How does Carlisle compare to other comparable towns?  One way you can get an excellent visual look is by visiting the Massachusetts Open Space Viewer.  This shows, in different colors, the protection status of the land – permanently protected land is in dark green.  It's easy to spot that the communities through which the SuAsCo river system passes tend to be well-off for protected open space.  Lincoln and Wayland are especially fortunate in this regard.  But you can see that Carlisle is also very well off by comparison with most of its neighboring towns.

While I was researching this, I also came across another fascinating resource: the Massachusetts Breeding Bird Atlas Viewer.  I note from this that the Eastern Bluebird is marked only as "possible" in the Carlisle square.  I'm sure that they are breeding but I'll have to see if I can prove it in the spring.

Having pointed out how lucky we are to have so much open space, the Massachusetts Audubon Society estimates that over forty acres of the commonwealth's open space is lost every day!  Given that the total land area of Massachusetts is only about 5 million acres, this certainly is no time to feel complacent!

I should end by congratulating the Conservation Commission, especially in this its 50th year, and the Trails Committee for doing so much to enrich our town with its wonderful woods.

 * I'm not sure what the proper name for a Carlisle resident is but this seems appropriate, given that the Roman name for Carlisle, UK was Luguvalium.

Wednesday, January 20, 2010

Fie fie, fickle ones

Massachusetts, what were you thinking?

I haven't written about politics before and I might not again.  But Ted Kennedy's Senate seat going to a Republican is hard to ignore!

Maybe you aren't enamored of Martha Coakley but, goodness gracious, we just threw the bums out and now we're letting one of them back in.  Not just any one but the 41st opposition vote in the Senate!  Now why, Oh Massachusetts, would you help put President Obama in office to fix the mess that Scott Brown's party got us into and then take away the vote that he (Obama) needs to get the job done?

Actually, I think I know.  Americans, like most people in the world actually, are allergic to government.  We never want to give too much power to a government, red, blue, or purple.  That government might then actually get something done!  Far better to keep them handcuffed by the appropriate loss of majority, etc. in one of the other branches of government.

I must exonerate Carlisle, however.  We voted for Coakley (54%) with almost 76% turnout!

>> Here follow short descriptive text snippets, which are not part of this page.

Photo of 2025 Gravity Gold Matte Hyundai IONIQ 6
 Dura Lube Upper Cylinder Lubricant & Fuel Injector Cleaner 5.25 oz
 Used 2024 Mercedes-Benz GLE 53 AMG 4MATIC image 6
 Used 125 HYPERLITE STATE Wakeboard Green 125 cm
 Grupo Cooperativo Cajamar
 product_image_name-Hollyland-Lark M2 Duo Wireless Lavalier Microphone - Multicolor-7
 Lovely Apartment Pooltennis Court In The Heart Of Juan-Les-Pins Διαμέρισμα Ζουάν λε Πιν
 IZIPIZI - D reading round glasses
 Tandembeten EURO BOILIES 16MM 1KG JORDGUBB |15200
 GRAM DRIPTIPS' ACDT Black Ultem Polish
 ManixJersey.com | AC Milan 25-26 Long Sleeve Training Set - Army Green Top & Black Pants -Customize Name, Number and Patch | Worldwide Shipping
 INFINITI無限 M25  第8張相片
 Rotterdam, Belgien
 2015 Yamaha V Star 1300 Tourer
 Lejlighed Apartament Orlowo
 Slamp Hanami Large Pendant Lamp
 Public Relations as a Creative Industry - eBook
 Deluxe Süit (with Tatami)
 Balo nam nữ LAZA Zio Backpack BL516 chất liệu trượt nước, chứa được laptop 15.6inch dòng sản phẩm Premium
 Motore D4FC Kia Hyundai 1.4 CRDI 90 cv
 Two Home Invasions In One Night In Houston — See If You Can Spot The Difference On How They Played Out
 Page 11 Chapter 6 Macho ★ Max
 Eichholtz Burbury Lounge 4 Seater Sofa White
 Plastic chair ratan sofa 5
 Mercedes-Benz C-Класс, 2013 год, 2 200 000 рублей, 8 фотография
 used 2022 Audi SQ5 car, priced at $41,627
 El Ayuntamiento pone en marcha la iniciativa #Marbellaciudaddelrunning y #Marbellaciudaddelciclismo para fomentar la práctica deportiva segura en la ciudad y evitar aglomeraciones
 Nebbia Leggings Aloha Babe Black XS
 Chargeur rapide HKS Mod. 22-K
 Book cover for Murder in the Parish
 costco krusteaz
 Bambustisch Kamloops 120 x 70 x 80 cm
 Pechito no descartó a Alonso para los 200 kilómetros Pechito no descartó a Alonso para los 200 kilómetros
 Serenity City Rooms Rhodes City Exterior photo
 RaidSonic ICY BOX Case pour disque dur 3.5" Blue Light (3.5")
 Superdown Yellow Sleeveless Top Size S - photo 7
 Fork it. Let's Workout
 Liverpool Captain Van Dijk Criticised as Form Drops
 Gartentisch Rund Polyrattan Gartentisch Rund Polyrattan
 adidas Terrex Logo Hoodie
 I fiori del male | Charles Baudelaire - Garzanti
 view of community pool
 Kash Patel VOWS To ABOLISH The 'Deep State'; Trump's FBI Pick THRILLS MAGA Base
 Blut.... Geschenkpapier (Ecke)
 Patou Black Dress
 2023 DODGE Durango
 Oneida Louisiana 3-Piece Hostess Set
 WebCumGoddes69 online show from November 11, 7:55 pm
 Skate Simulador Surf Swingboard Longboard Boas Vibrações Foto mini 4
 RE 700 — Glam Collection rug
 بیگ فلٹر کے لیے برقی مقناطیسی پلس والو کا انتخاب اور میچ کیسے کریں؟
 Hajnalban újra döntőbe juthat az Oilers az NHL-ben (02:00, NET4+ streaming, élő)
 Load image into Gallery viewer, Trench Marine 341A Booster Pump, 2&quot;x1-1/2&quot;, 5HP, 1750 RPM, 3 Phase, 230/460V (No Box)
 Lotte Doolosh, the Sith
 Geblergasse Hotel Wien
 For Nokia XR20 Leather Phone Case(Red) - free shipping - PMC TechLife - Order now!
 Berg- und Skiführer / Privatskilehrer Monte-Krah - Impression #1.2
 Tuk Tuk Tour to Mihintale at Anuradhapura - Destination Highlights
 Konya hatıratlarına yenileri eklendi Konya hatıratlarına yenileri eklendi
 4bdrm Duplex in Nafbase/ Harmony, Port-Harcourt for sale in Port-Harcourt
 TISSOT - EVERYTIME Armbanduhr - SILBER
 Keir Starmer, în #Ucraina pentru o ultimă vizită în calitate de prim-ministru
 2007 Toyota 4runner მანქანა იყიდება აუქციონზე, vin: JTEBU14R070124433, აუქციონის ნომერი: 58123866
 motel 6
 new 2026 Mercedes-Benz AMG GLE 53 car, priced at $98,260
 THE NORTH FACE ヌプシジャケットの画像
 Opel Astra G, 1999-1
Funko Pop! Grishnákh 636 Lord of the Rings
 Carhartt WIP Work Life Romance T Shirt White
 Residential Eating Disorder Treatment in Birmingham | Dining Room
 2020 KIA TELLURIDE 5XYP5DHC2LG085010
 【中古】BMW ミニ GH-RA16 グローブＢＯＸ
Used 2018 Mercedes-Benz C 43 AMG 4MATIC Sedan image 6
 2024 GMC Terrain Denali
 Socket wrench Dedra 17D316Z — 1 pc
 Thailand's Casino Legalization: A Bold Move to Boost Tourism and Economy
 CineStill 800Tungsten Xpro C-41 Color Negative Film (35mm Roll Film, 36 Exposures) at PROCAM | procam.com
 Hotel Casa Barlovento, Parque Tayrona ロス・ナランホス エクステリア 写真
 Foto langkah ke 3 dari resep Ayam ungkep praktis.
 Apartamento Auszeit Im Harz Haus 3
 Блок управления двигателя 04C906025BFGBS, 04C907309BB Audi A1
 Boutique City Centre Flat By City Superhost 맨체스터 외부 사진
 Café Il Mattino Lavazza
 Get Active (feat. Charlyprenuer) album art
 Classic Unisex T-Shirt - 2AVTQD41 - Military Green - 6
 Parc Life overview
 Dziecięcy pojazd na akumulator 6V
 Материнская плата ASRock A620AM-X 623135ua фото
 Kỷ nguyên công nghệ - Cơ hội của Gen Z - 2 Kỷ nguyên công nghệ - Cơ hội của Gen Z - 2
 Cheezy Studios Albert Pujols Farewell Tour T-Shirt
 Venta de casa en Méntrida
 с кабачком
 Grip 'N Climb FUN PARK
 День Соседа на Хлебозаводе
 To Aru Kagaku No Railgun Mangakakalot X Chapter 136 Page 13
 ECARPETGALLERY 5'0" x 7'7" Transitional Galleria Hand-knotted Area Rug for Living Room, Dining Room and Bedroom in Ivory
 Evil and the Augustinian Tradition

What with the Patriots' humbling loss to the Ravens, Massachusetts has had a pretty bad January.

Sunday, January 17, 2010

Bread of Heaven

Isn't it strange how often you get home with a nice looking loaf of bread, typically with some such title as artisan rustic whole wheat Tuscan pane, only to find that it is sourdough?  We seem to be experiencing something of an epidemic of sourdough bread trying to masquerade as, well, bread!  Given that the taste of sourdough bread is so very different from what the customer would expect (for Tuscan pane, for example) it seems to me that its sourdough origins should be marked in large letters "WARNING: SOURDOUGH".  Instead, it you have sufficiently good eyesight to actually read the ingredients, you will find, buried in the middle of the list "sourdough starter".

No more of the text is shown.